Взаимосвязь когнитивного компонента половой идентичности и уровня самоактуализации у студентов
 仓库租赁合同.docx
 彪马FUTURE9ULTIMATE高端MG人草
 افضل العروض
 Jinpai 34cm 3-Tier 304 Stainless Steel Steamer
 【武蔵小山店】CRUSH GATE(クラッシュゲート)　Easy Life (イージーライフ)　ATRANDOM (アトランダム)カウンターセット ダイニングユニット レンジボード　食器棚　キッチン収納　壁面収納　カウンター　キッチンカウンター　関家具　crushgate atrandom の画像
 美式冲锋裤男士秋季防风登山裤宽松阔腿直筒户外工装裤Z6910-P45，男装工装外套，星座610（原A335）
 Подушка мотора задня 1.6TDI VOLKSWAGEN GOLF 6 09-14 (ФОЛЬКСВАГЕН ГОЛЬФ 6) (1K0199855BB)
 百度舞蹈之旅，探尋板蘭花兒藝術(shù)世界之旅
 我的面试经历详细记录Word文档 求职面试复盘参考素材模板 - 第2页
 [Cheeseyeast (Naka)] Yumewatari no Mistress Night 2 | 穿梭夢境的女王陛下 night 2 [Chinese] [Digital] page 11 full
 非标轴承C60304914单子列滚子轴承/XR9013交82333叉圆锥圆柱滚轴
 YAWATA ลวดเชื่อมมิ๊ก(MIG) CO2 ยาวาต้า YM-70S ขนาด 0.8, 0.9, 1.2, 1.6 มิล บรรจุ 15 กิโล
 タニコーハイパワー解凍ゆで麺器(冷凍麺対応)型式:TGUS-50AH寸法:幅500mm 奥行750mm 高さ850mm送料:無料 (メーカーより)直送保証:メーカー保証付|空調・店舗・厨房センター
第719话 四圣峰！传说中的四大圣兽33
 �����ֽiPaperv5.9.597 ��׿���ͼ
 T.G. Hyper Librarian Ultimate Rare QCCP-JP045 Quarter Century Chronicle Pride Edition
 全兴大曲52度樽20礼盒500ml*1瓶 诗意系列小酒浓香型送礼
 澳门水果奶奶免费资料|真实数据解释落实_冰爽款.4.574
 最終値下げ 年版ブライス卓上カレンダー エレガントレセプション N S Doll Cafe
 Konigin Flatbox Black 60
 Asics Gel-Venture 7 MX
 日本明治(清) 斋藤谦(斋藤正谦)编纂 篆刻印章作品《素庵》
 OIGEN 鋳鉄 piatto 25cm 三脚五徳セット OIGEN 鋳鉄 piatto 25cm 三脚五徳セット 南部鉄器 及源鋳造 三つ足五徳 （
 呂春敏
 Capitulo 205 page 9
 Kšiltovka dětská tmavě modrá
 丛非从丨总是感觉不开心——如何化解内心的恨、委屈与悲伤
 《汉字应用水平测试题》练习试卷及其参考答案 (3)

» **What you should do**
If a line of the listing above holds the string "page", copy it.

» **Reply to the exercise**
 [Cheeseyeast (Naka)] Yumewatari no Mistress Night 2 | 穿梭夢境的女王陛下 night 2 [Chinese] [Digital] page 11 full
 Capitulo 205 page 9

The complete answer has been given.